In the first month of the new decade, Donald Trump, President of the United States, is officially the third President in our country’s history to have been impeached.  

How did we get to this point and what does this mean for us heading into the future with an election only months away, you may be wondering?

First of all, one must understand the process by which the President is removed from his position. To successfully impeach and then remove Trump, the House of Representatives must first secure a majority of the votes in favor of impeachment. In the way our current House of Representatives is made up, where democrats occupy a majority of the house, this was predicted to be passed relatively easily. This was, in fact, the case, and Trump has been officially impeached. However, there is a complete second step in the process to remove the President from his position. This second step is essentially a trial conducted by the Senate, where a two-thirds majority is needed for removal. Taking into consideration the fact that the Senate is currently Republican-controlled 53 to 47, there is a very small likelihood of Trump actually getting removed.  

“I view this day, this vote, as something that we did to honor the vision of our founders to establish a republic, the sacrifice of our men and women in uniform to defend our democracy and the republic, and the aspirations of our children that they will always live in a democracy, and we have tried to do everything we can to make sure that that is their reality,” speaker of the House Nancy Pelosi revealed. It was clear that this vote was a partisan one, with Democrat’s main argument being that they are defending the principles of the constitution and that of the Republicans being Trump is innocent and that the accusations are baseless, as was revealed in an email sent from the white house to active Trump supporters in the days following the House’s decision, saying, “229 Democratic TRAITORS voted to impeach President Trump for NO REASON other than the fact that they don’t like him. The American people elected President Trump, but Democrats and the FAKE NEWS still can’t accept it.”
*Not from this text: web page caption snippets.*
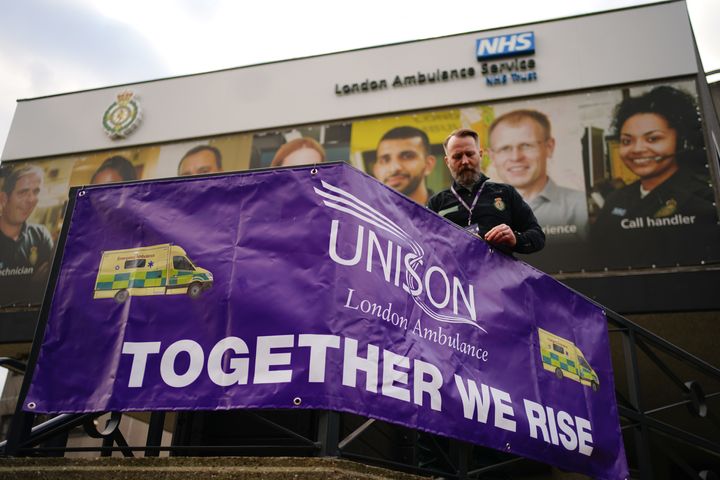A member of staff places a banner on the railings outside Waterloo ambulance station in London, as paramedics, ambulance technicians and call handlers walk out in England and Wales, in a strike co-ordinated by the GMB, Unison and Unite unions over pay and conditions that will affect non-life threatening calls. Picture date: Wednesday December 21, 2022.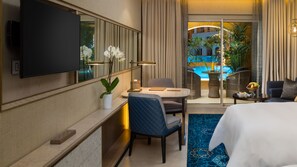 Habitación de hotel con cama, escritorio con silla, televisor montado en la pared, pequeña mesa con una silla, planta en maceta y vista a una piscina por la ventana.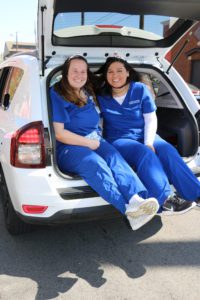 Two female students, wearing blue nursing scrubs, smile and pose while sitting out on the end of an open hatchback car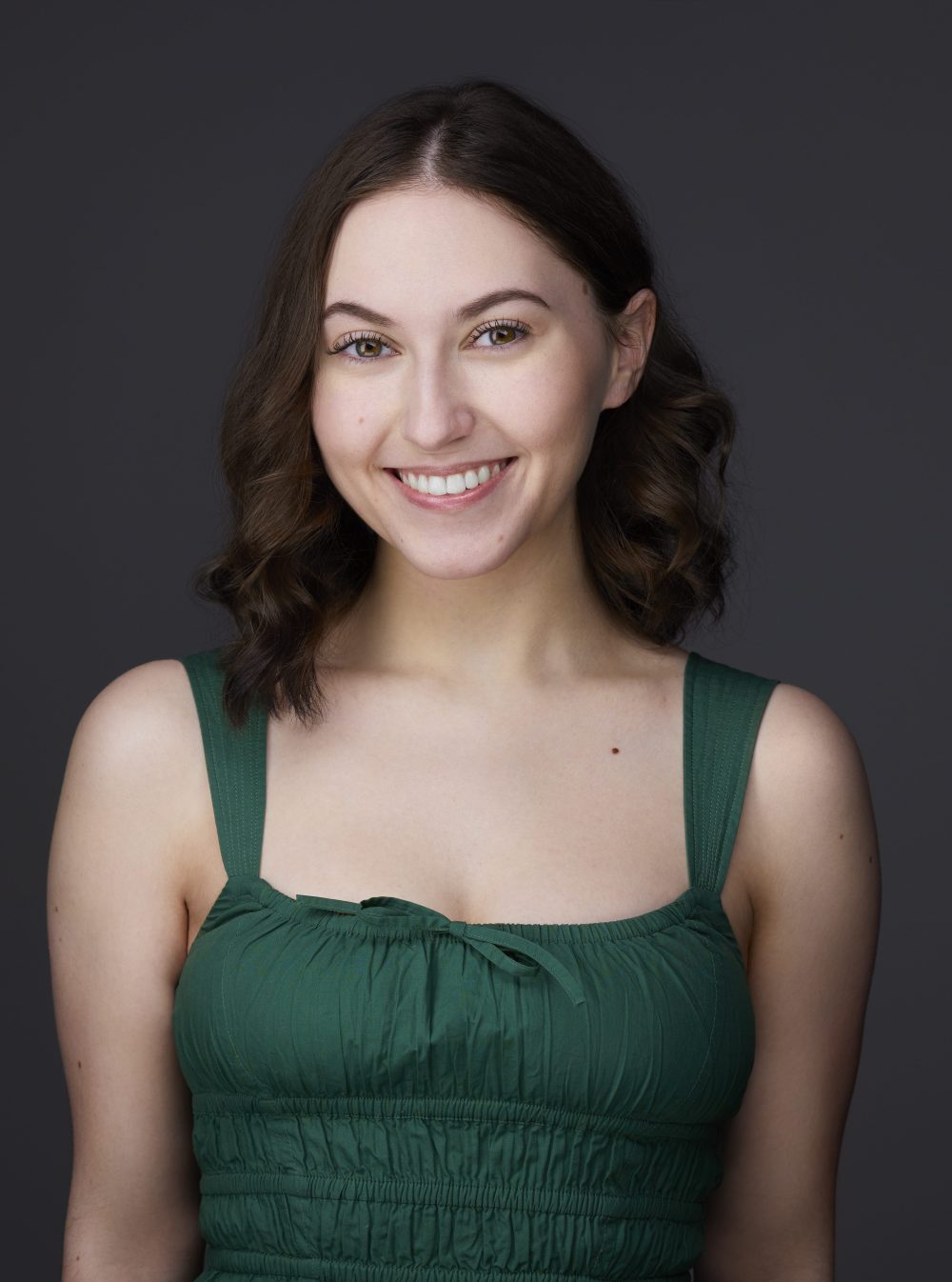 Smiling woman in a green dress against a dark background.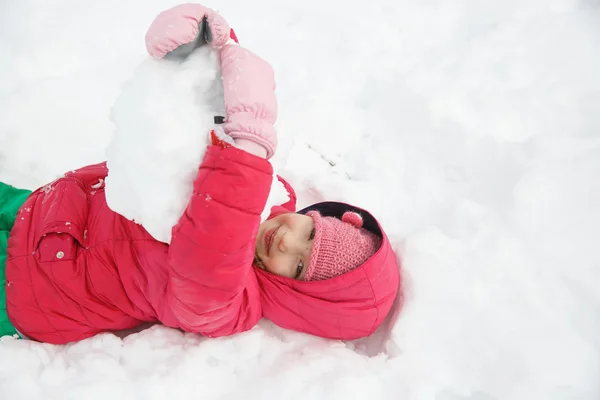 Παιχνιδιάρικο κορίτσι με πλεξούδες παίζοντας στο πρώτο χιόνι — Φωτογραφία Αρχείου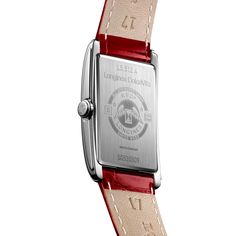 The Longines DolceVita Collection watch featuring a 23mm rectangular case in stainless steel, sapphire crystal, red alligator leather strap with buckle and quartz movement. Silver tone dial with blue hands and Roman numeral indexes. Small seconds subdial and End of Life (E.O.L.) feature. Water resistant up to 30 meters. Luxury Red Leather Watch, Classic Red Leather Watch, Timeless Red Leather Watch, Classic Red Watch With Leather Strap, Modern Red Rectangular Watch, Business Rectangular Watch With Date Indicator, Modern Red Watch With Rectangular Dial, Timeless Red Watches With Rectangular Dial, Classic Red Watch Accessories With Date Indicator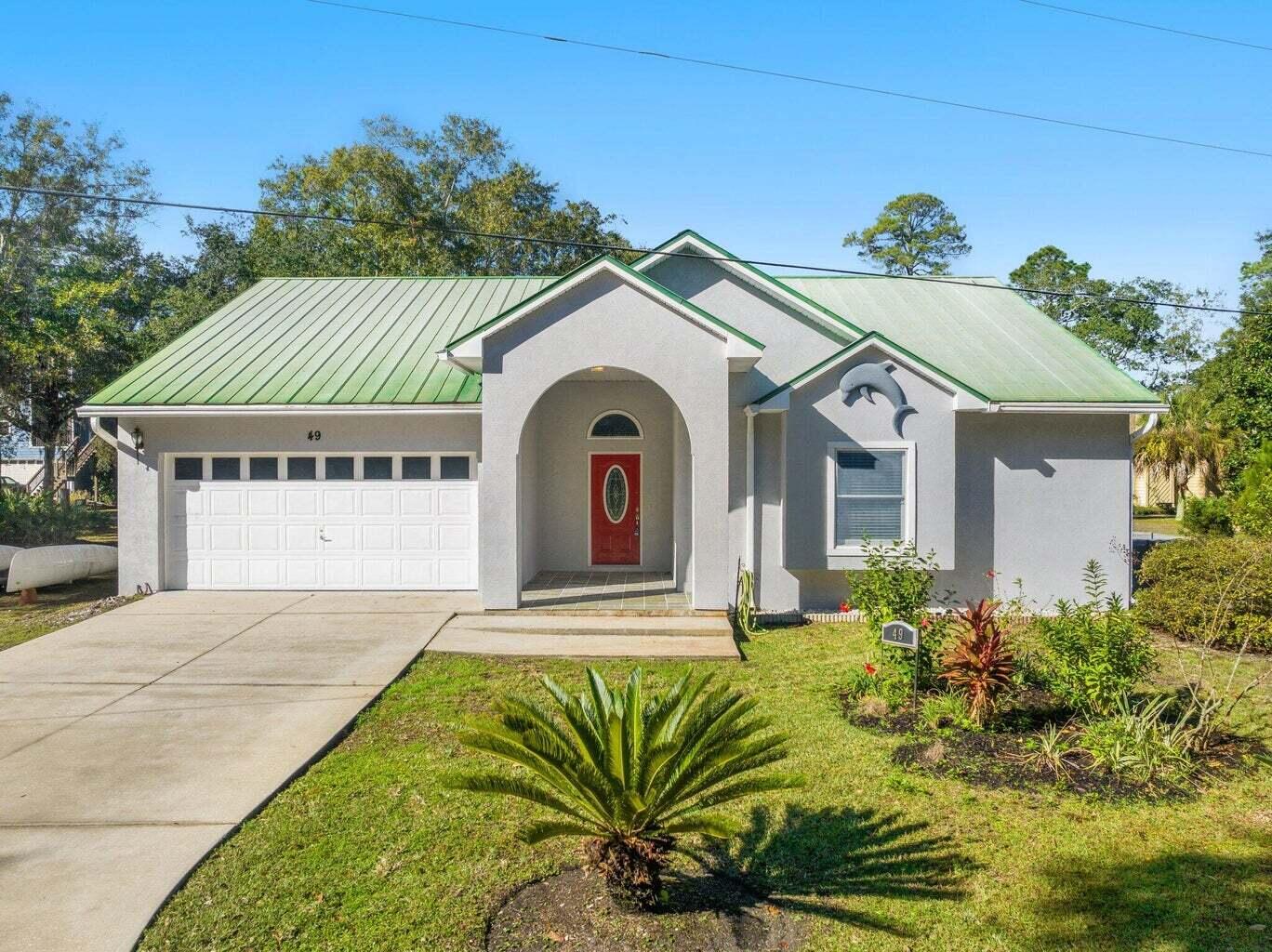 LOCATION LOCATION PRIVATE BAYOU ACCESS LOCATION. Wish Lane is nestled in one of Santa Rosa Beach's Bayou neighborhoods, Osprey Cove. Located on a cul-de-sac and just steps from your private boat slip with lift and padding access.  Live Oak trees canopy the private roads of this quiet, well-established community. House has metal roof and is built from Hebel Block.  Built in 1996, this home has been completely renovated through-out.  Bayou living at its best in this 3 bedroom/2 bath ranch including a 21x10' screened in porch with outdoor patio, 10' ceilings, and 2 car garage. This large lot boasts ample room to store an RV, Boat, and Jet-skis**This home is available for short term rentals. ** Drive time to popular destinations: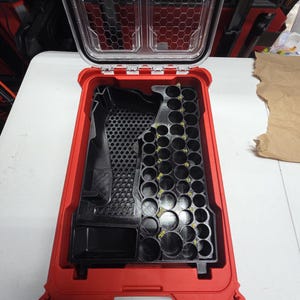 Puede incluir: Maleta de herramientas roja y negra abierta con tapa transparente. El interior presenta un inserto negro con varios compartimentos y soportes circulares. La tapa está abierta, revelando la organización interna. La maleta está diseñada para guardar herramientas.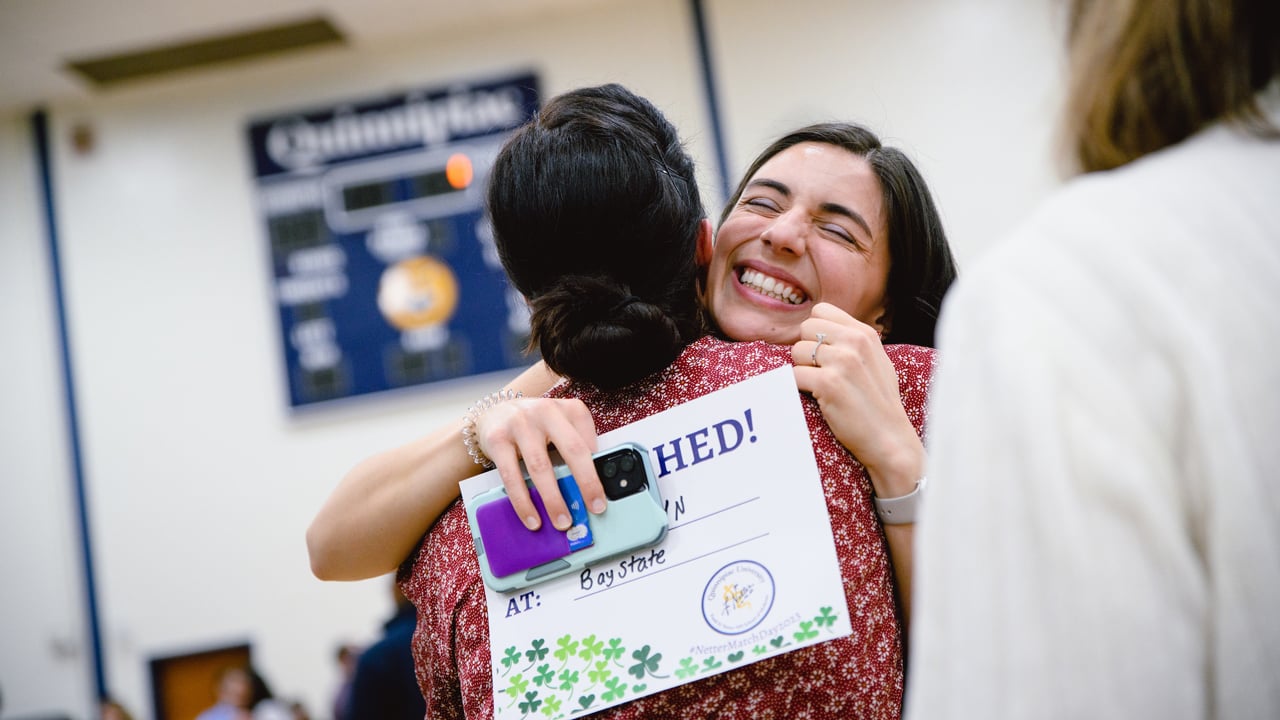 Graduate and family member hugging each other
 As to what is coming next in this entire process, it is not entirely certain. At this point in time, what we definitely do know are the seven Democratic managers, all of whom are active House members, who have been selected by Pelosi to operate as prosecutors during the trial in the Senate. These include Hakeem Jeffries of New York, Jason Crow of Colorado, Sylvia Garcia of Texas,  Zoe Lofgren of California, Jerry Nadler of New York, Val Demings of Florida, and lastly Adam Schiff of California. All of these individuals were selected because of their prosecutorial experience and their ability and familiarity with being in a courtroom presenting charges. 

 As of the morning of January 16th, the seven house managers are planning to enter the Senate Chamber and read aloud the articles of impeachment, expected to take place around noon. Later on, Chief Justice John Roberts will walk from the Supreme Court to the Senate to receive an oath to conduct “impartial justice” by Senator Chuck Grassley, which then will be delivered to the collective group of 100 senators. 

According to Senate rules, Trump must be summoned and respond to the charges which will, most likely, come in the written form several days from now. The Senate will then break for Martin Luther King jr. day, and is expected to begin the trial itself on Tuesday, the 21st. Due to the unprecedented nature of the events unfolding, it cannot be said with any definite certainty the length of the trial, how many witnesses will be called to testify, or other specifics of the sort. It is truly a historic moment in our country’s history and a great display of the ingenuity and foresight that the founders of our constitution had 232 years ago.

With all this political commotion going on, it is understandable that many are unsure how this will affect Trump in his campaign for the 2020 elections, and, honestly, it may depend on who you ask. A majority of Republicans would argue this is beneficial to Trump, acting as a demonstration of his supposed innocence and as a confirmation of the irrational hatred Democrats hold towards Trump. For Democrats, however, this is an opportunity to permanently stain Trump’s presidential record as one of only three Presidents to ever be impeached, as well as possibly weaken the legitimacy of his campaign.